Il contenuto delle misure

L’art.27 del R.D.L. n.1404 del 1934 definisce il contenuto delle misure amministrative di rieducazione stabilendo che “nel caso in cui il tribunale abbia disposto la misura prevista dal n. 1 dell’art. 25, all’atto dell’affidamento è redatto verbale nel quale vengono indicate le prescrizioni che il minore dovrà seguire, a seconda dei casi, in ordine alla sua istruzione, alla preparazione professionale, al lavoro, all’utilizzazione del tempo libero e ad eventuali terapie, nonché le linee direttive dell’assistenza, alle quali egli deve essere sottoposto. Nel verbale può essere disposto l’allontanamento del minore dalla casa paterna. In tal caso deve essere indicato il luogo in cui il minore deve vivere e la persona o l’ente che si prende cura del suo mantenimento e della sua educazione. Le prescrizioni e le direttive di cui ai commi precedenti sono date da un componente del tribunale all’uopo designato dal presidente alla presenza di un rappresentante l’ufficio distrettuale di servizio sociale minorile e delle altre persone interessate all’atto, che il predetto componente ritenga opportuno convocare. L’ufficio di servizio sociale minorile controlla la condotta del minore e lo aiuta a superare le difficoltà in ordine ad una normale vita sociale, anche mettendosi all’uopo in relazione con la sua famiglia e con gli altri suoi ambienti di vita. L’ufficio predetto riferisce periodicamente per iscritto o a voce al componente del tribunale designato, fornendogli dettagliate notizie sul comportamento del minore, delle persone che si sono prese cura di lui e sull’osservanza da parte di essi delle prescrizioni stabilite, nonché su quant’altro interessi il riadattamento sociale del minore medesimo, proponendo, se del caso, la modifica delle prescrizioni o altro dei provvedimenti previsti dall’art. 29“.
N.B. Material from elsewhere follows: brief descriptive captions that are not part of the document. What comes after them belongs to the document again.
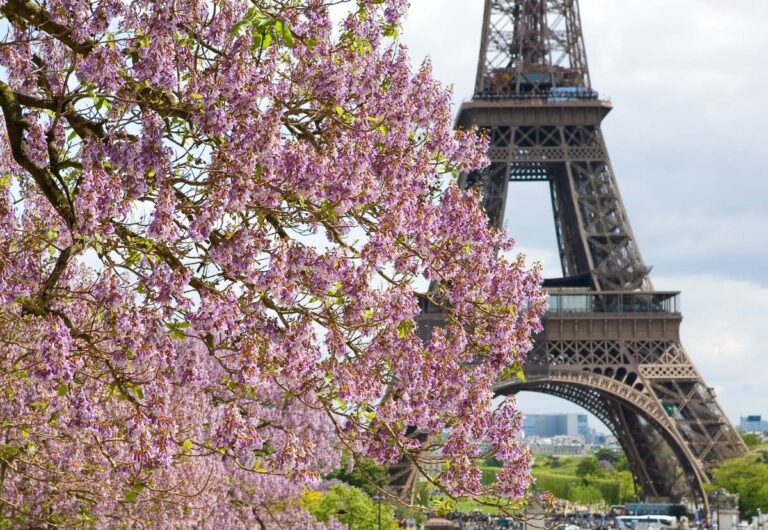 Spring in Paris: What To Do, The Weather, Where To Stay + What To Pack
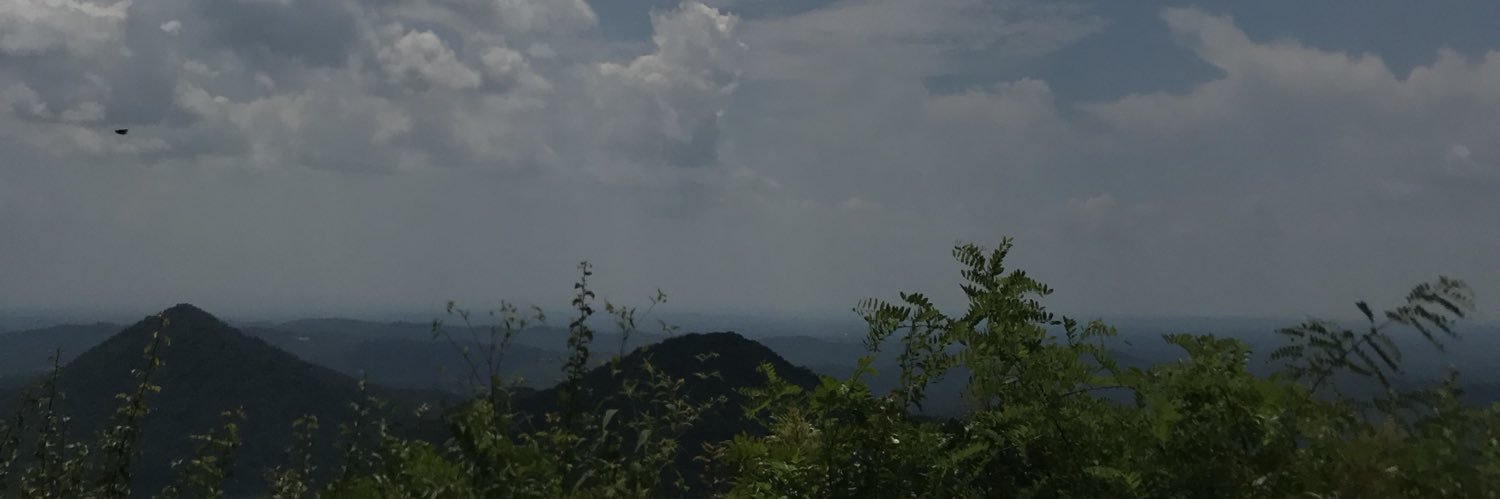 Lexi_Lance1's profile banner image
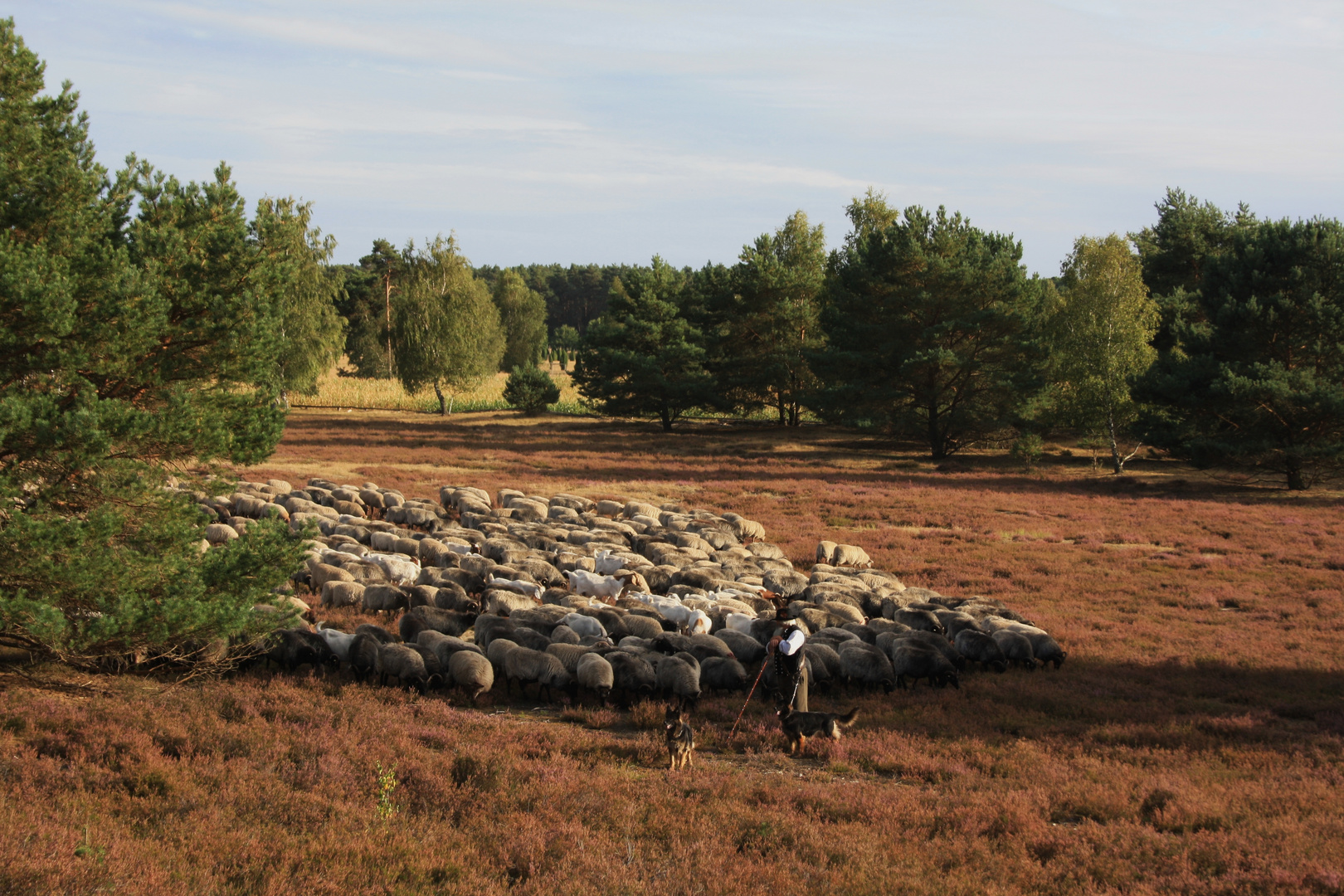 in der Nemitzer Heide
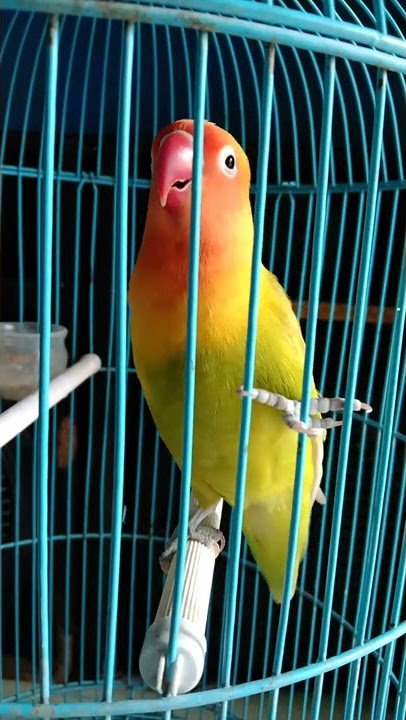 Pancingan lovebird paud ngetik ngekek fighter#shorts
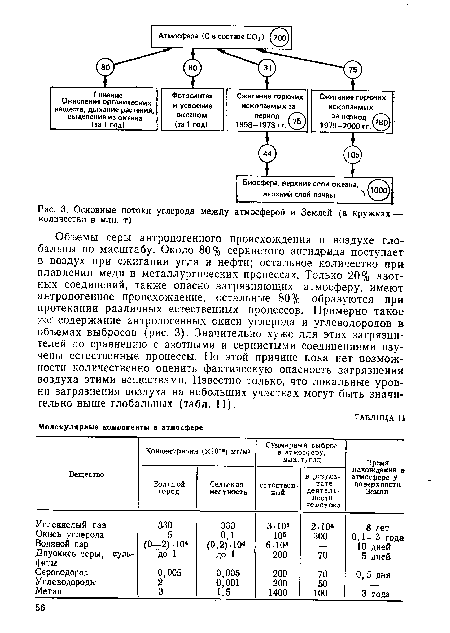Основные потоки углерода между атмосферой и Землей (в кружках — количество в млн. т)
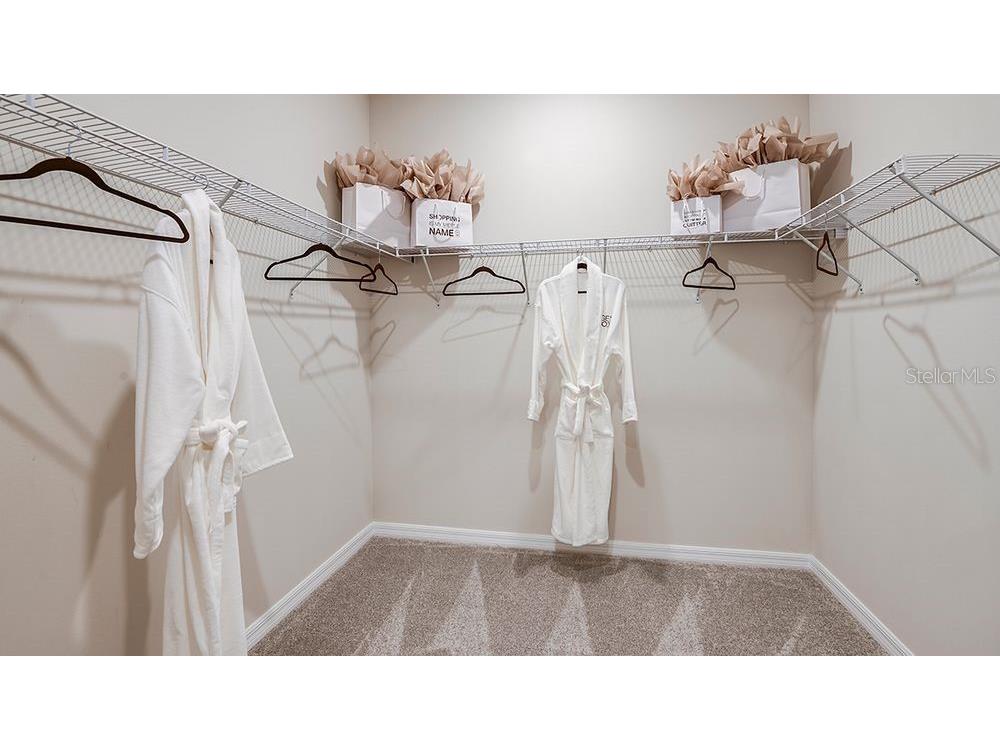 5121 Slate Hue Place Apollo Beach FL 33572 TB8452993 image18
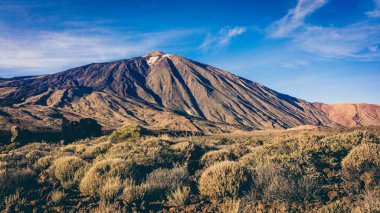 Teide Milli Parkı, Tenerife, Kanarya Adaları, İspanya. Volkan T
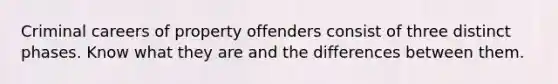 Criminal careers of property offenders consist of three distinct phases. Know what they are and the differences between them.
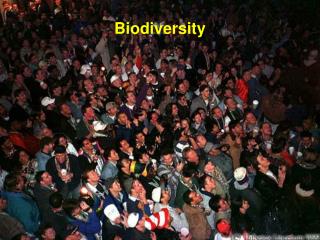 Biodiversity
Ai servizi sociali viene, quindi, affidato il compito di controllare il minore, di aiutarlo nel superamento di ostacoli e difficoltà e di riferire periodicamente, per iscritto o oralmente, al tribunale l’andamento del ragazzo. Le misure amministrative di rieducazione, ex art. 29 R.D.L. n. 1404 del 1934[8], non hanno una durata minima, ma possono durare massimo fino ai 18 anni. Tuttavia, al minore viene data la possibilità di manifestare il proprio consenso alla prosecuzione di tale istituto fino ai 21 anni.

Informazioni

[1] Per il testo completo del Regio Decreto Legge n.1404 del 1934 si veda www.gazzettaufficiale.it

[2] https://www.personaedanno.it/articolo/le-misure-applicabili-ai-minori-irregolari-alessio-anceschi

[3] Sull’argomento e sui requisiti di irrilevanza del fatto ne ho parlato in questo articolo: http://www.dirittoconsenso.it/2020/03/11/irrilevanza-del-fatto/

[4] https://www.avvorsolagiordano.it/misure-amministrative-tribunale-per-i-minorenni-di-milano/

[5] Sull’argomento rimando a questo articolo: http://www.dirittoconsenso.it/2020/02/18/perdono-giudiziale-processo-penale-minorile/

[6] Ho parlato di messa alla prova in questo articolo: http://www.dirittoconsenso.it/2020/04/14/sospensione-processo-messa-alla-prova/

[7] http://www.fondazionepromozionesociale.it/PA_Indice/007/7_competenze_in_materia_di_rieducazione.htm

[8] Art.29 R.D.L. n.1404 del 1934: «Le prescrizioni stabilite a norma dell’art. 27 possono essere modificate in ogni tempo. È sempre in facoltà del tribunale trasformare qualsiasi misura disposta in altra, che appaia più idonea ai fini della rieducazione del minore e del suo progressivo reinserimento nella vita sociale. Per i minori assoggettati ad una delle misure di cui al n. 2 dell’art.  25 tale reinserimento può dal tribunale essere attuato altresì con licenza di esperimento. Il minore che ne beneficia rimane affidato al servizio sociale. Si applicano le disposizioni dell’art. 27. La cessazione delle misure disposte è ordinata in ogni tempo dal tribunale allorché il minore appaia interamente riadattato, o quando per le sue condizioni fisiche o psichiche nessuna misura rossa considerarsi idonea alla sua rieducazione. La cessazione è in ogni caso ordinata al compimento del ventunesimo anno di età o per servizio militare di leva».